Первичная гипероксалурия типа I - наиболее частая форма первичной гипероксалурии. Ее причиной служит недостаточность аланинглиоксилатаминотрансферазы , которая экспрессируется только в пероксисомах печени и коферментом которой служит пиридоксин (витамин В6) . В отсутствие этого фермента глиоксиловая кислота , не превращающаяся в глицин , поступает в цитозоль, где окисляется в щавелевую кислоту ( рис. 133.8 ). Заболевание наследуется по аутосомно-рецессивному типу . Ген аланинглиоксилатаминотрасферазы расположен на длинном плече хромосомы 2 . У больных с этой патологией обнаружено несколько его мутаций. Наиболее частая мутация приводит к экспрессии фермента не в пероксисомах, а в митохондриях. При определении in vitro активность аланинглиоксалатаминотрансферазы в таких случаях достигает таковой у облигатных гетерозигот. Однако активность фермента in vivo оказывается сниженной. Этот дефект выявлен примерно у 30% больных с гипероксалурией типа I.
Заболевание может проявиться в разном возрасте, но чаще всего клинические симптомы возникают у детей до 5 лет и примерно в 10% случаев - на первом году жизни ( неонатальная оксалурия ). Первые симптомы связаны с образованием камней в почках и нефрокальцинозом . Почечная колика или бессимптомная гематурия постепенно нарушает функцию почек, что приводит к задержке роста и уремии . Без лечения большинство больных не доживают до 20 лет, погибая от ХПН . В редких случаях развивается острый артрит , который можно принять за подагру , поскольку при гипероксалурии типа I одновременно возрастает содержание и мочевой кислоты. Описаны и поздние формы заболевания, проявляющиеся в зрелом возрасте.
Самый важный лабораторный признак этой патологии - резко повышенная экскреция оксалатов с мочой (в норме 10-50 мг/сут). Наличие в осадке мочи кристаллов оксалатов мало помогает диагностике, поскольку такие кристаллы часто обнаруживаются и у здоровых лиц. Экскреция гликолевой и глиоксиловой кислот с мочой повышена. Диагноз можно подтвердить путем определения активное? фермента в биоптатах печени.

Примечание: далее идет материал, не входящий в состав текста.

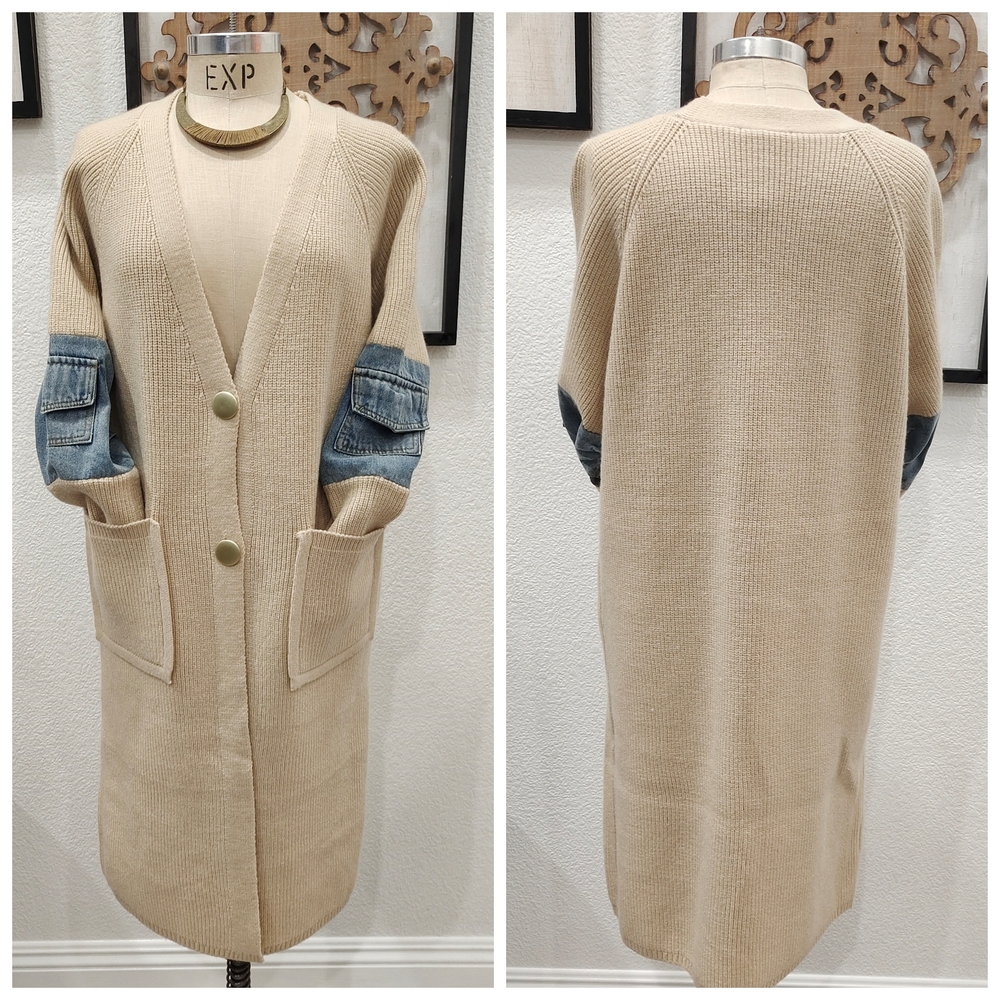 Beige Open-Front Long Cardigan with Denim Patch Sleeves - Picture 2 of 5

Медикаментозное лечение чаще всего оказывается безуспешным. В ряде случаев уровень оксалатов в моче снижается после введения больших доз пиридоксина . Пересадка почки при ХПН не улучшает прогноз, поскольку и в пересаженной почке развивается оксалоз. Одновременная пересадка печени и почки значительно снижала содержание оксалатов в плазме и моче. Такая пересадка может быть наиболее эффективным методом лечения гипероксалурии типа I.
Тонкоигольная биопсия печени с определением активности аланинглиоксилатаминотрансферазы или анализ ДНК в биоптатах ворсин хориона позволяет устанавливать диагноз пренатально.
Первичная гипероксалурия типа II ( L-глицериновая ацидурия ). Эта редкая патология обусловлена недостаточностью ферментного комплекса D-глицератдегидрогеназы/глиоксалатредуктазы ( рис. 133.8 ), что приводит к накоплению двух промежуточных продуктов - гидроксипирувата (кетокислотное производное серина) и глиоксиловой кислоты . Оба этих соединения под действием ЛДГ превращаются соответственно в L-глицериновую кислоту и щавелевую кислоту . Повышенный риск данной патологии характерен для индейцев племени Оджибва из Манитобы.
Клинические признаки гипероксалурии типа II и I одинаковы. Почечнокаменная болезнь , проявляющаяся почечной коликой и гематурией , развивается у детей до 2 лет. Однако ХПН у таких больных не наблюдалась. В моче помимо высокого уровня оксалатов содержится большое количество L-глицериновой кислоты (которая в норме отсутствует). Экскреция гликолевой и глиоксиловой кислот не повышена. Присутствие L-глицериновой кислоты в моче без повышения экскреции гликолевой и глиоксиловой кислот отличает это состояние от гипероксалурии типа I.
Эффективные методы лечения неизвестны.